Hell no, we shouldn’t go

Radical historian Howard Zinn looks at American wars and protest movements past and present

by KEN HECHTMAN

Howard Zinn is America’s foremost revisionist-radical historian and a veteran of half-a-century’s worth of civil rights and anti-war movements. A People’s History of the United States, the best known of his 14 books, and the only one to be featured in an episode of the Sopranos, has been described as a touchstone of dissident thought by those who like it and switching the white hats with the black hats by those who don’t. In it, he quotes Indians on Columbus, slaves on slavery, labour unions on industrial development and pacifists on war. Zinn, professor emeritus at Boston University, is currently focused on opposing the upcoming invasion of Iraq and he’ll be in Montreal this week to talk about, in his words, war, history and war and history.

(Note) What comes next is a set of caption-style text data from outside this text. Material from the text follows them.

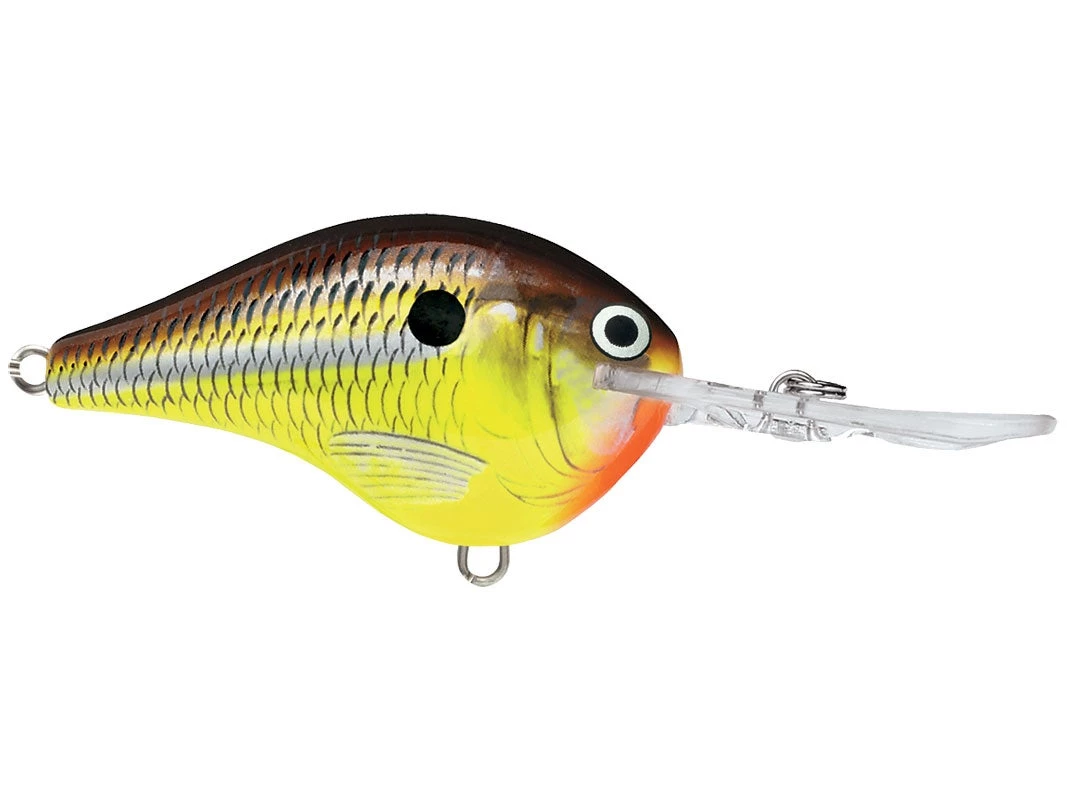 Rapala DT10 Crankbait CRANKBAITS 7 Rapala DT10 Crankbait CRANKBAITS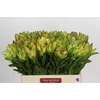 Leucadendron Goldstrike
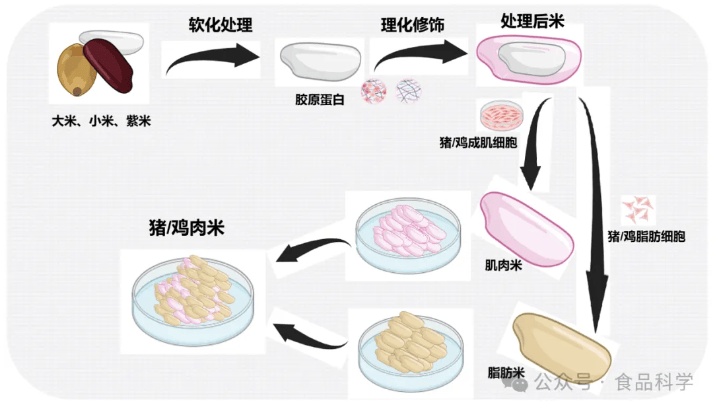 雞肉/豬肉系列米制品研發成功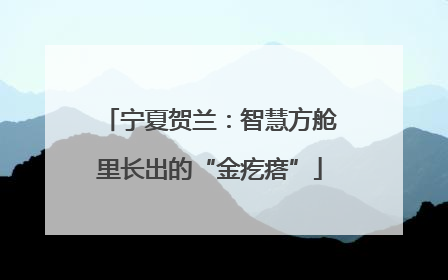 宁夏贺兰：智慧方舱里长出的“金疙瘩”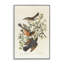 «Classic Audubon Bird Study», art giclée par one1000paintings-107872992-111767506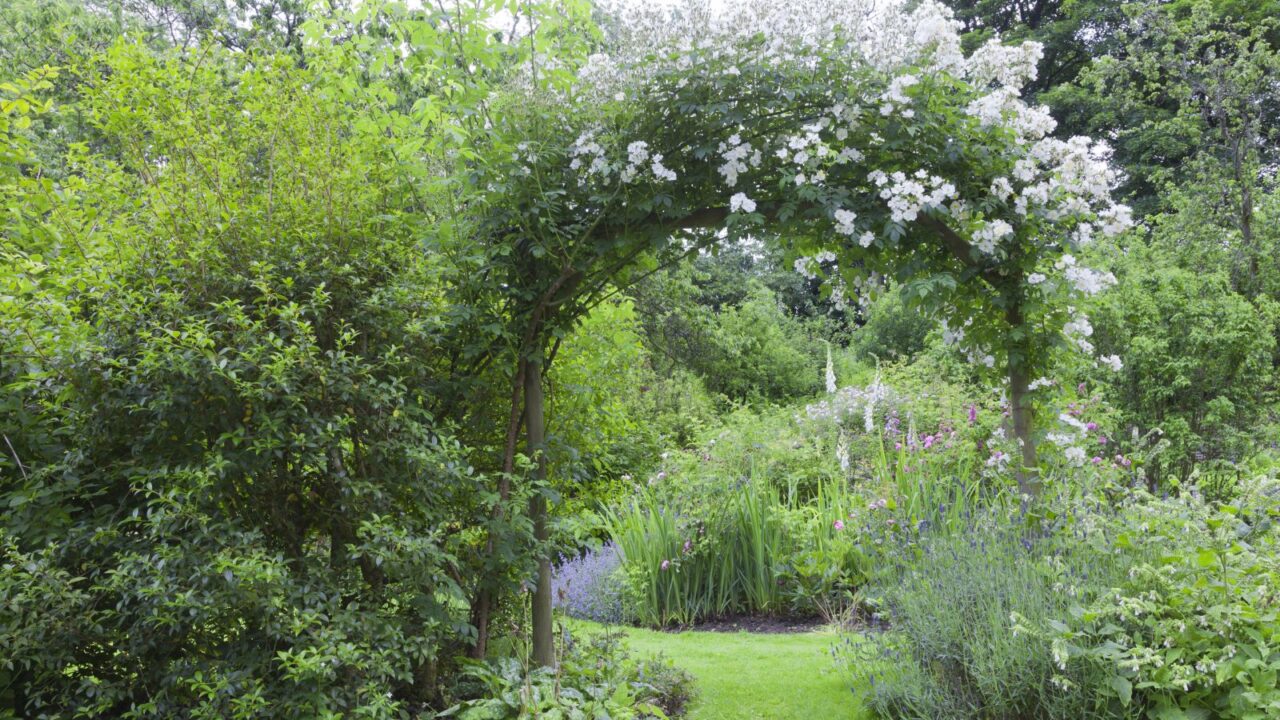 A beautiful garden with a garden arch covered with white roses and surrounded by plants.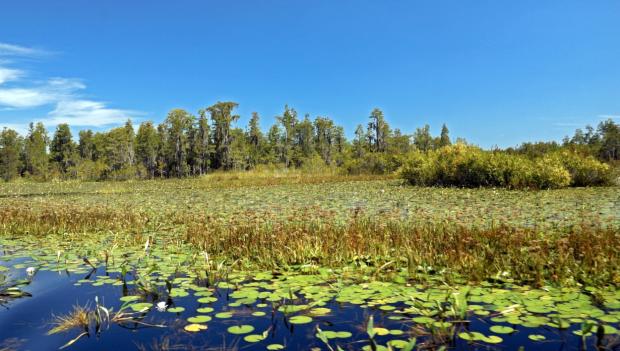 America’s 9 Best Swamp Adventures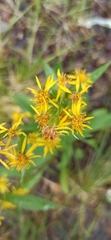Solidago virgaurea lapponica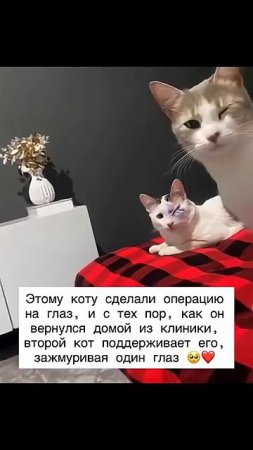 Кот и кот друг❤️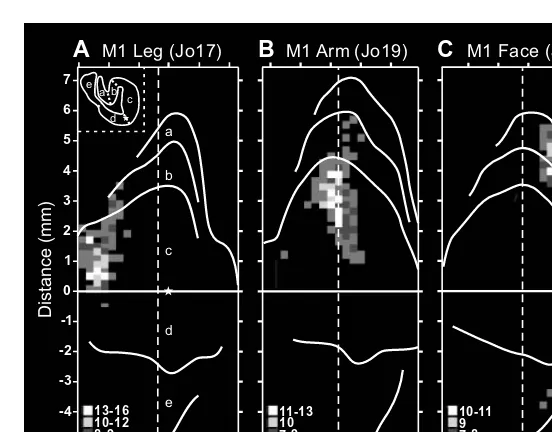 FIGURE 1.10 (see color ﬁgure) Somatotopic organization of dentate output channels to M1.Unfolded maps of the dentate illustrate the neurons labeled after HSV1 injections into the(A) leg, (B) arm, and (C) face representations of M1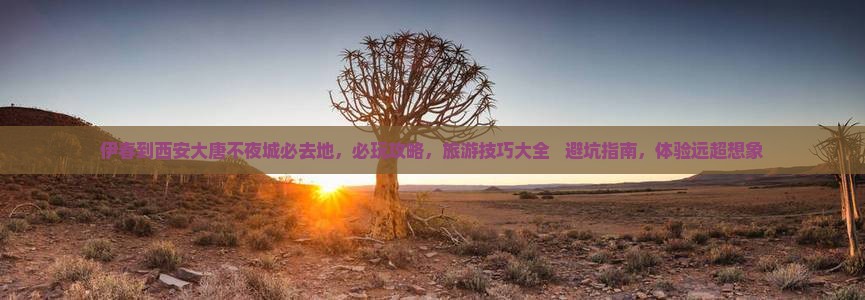伊春到西安大唐不夜城必去地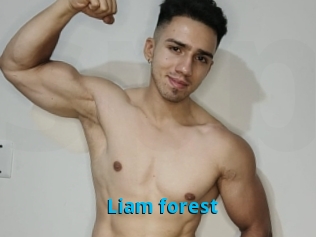 Liam_forest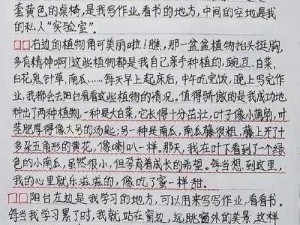 小圈实践纪实非常狠的作文 500 字：带你揭秘高效学习的秘密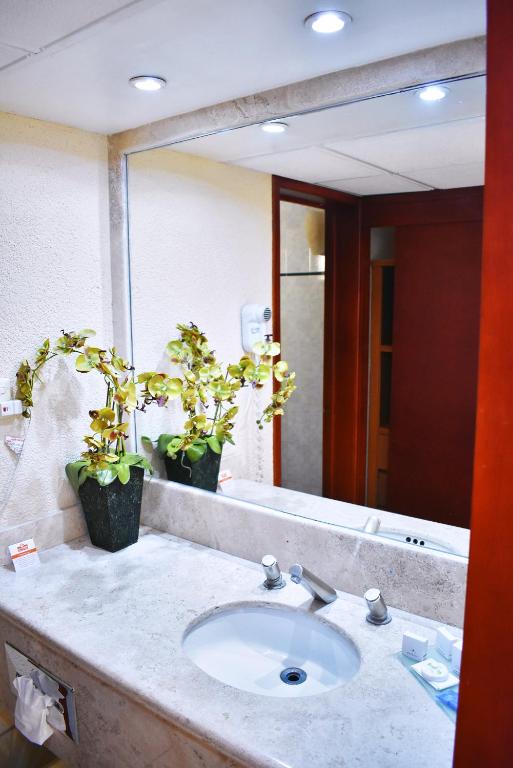 La Posada Hotel y Suites photo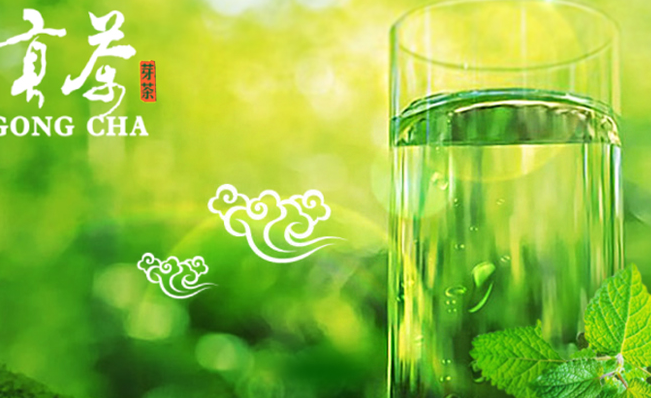 詩典貢茶食品包裝設(shè)計(jì)欣賞(圖4)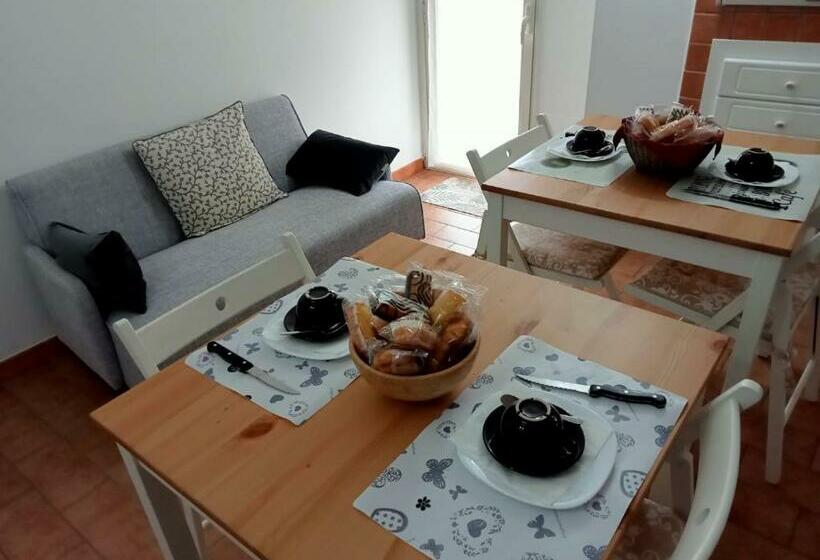 スタンダードルーム, Ambrosia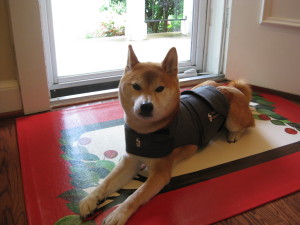 Thundershirt 015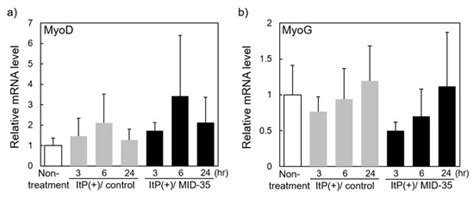 Increasing Skeletal Muscle Mass in Mice by Non-Invasive Intramuscular ...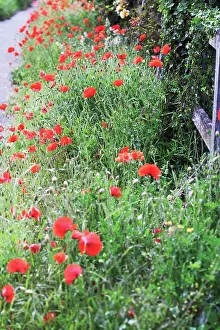 Poppyfield: Poppyfield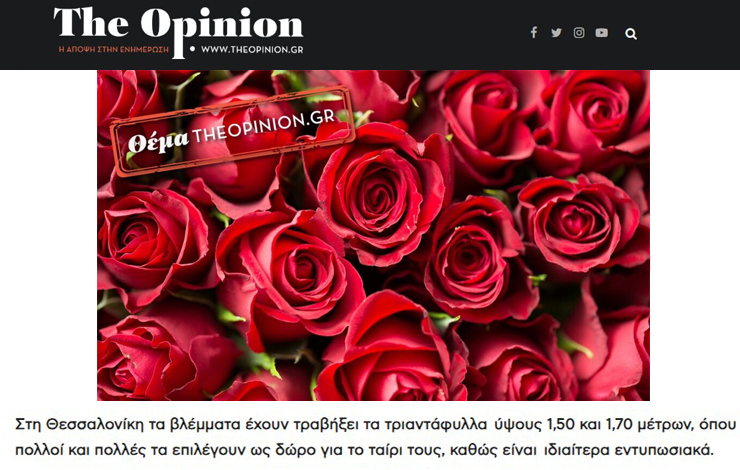 Tribute of Opinion, gr to Bakara Florist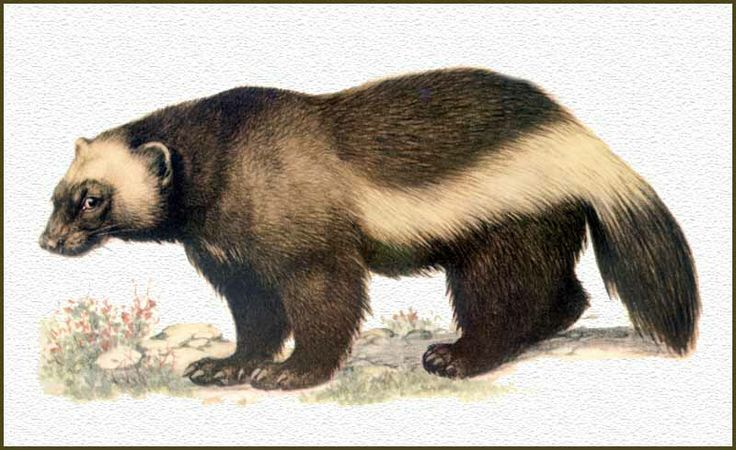 Зверь похожий на медведя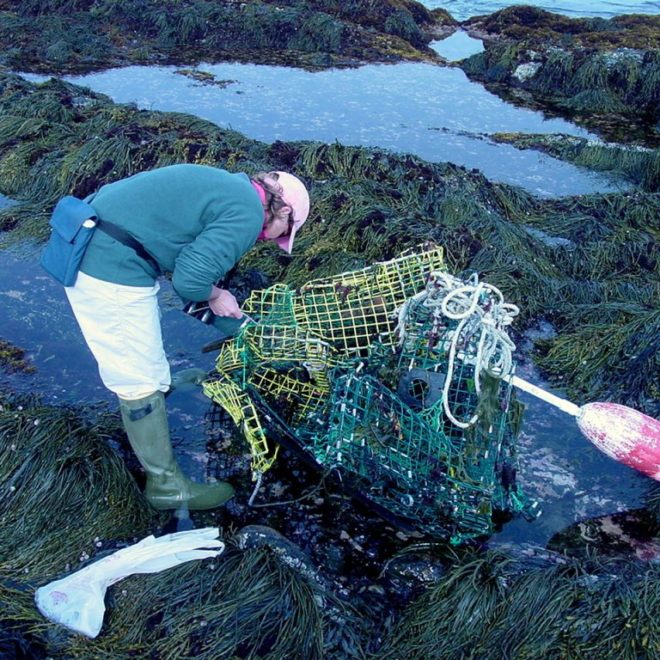 Sometimes there are invasive non-living things in tide pools.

Mirror: In the introduction to A People’s History of the United States, you use the example of Columbus to show that the problem with Official History isn’t that it denies that atrocities happened. The problem, you say, is far more insidious, that events like slavery or exterminating the Indians get justified as a small price to pay for progress. What problems get caused by telling the story that way?

Howard Zinn: That has been with us for a long time. How many times terrible things are justified in the name of progress, the excuse given, for example, by Madeleine Albright—

M: You’re way ahead of me. That was my next question—

HZ: The real reason for going into Iraq was oil. The stated reasons were different. What I was referring to at the time of Columbus was that human beings were sacrificed in the name of progress and civilization. And it’s still going on. If we go into Iraq, we presumably will be willing to kill tens of thousands of Iraqis in the name of bringing democracy to Iraq.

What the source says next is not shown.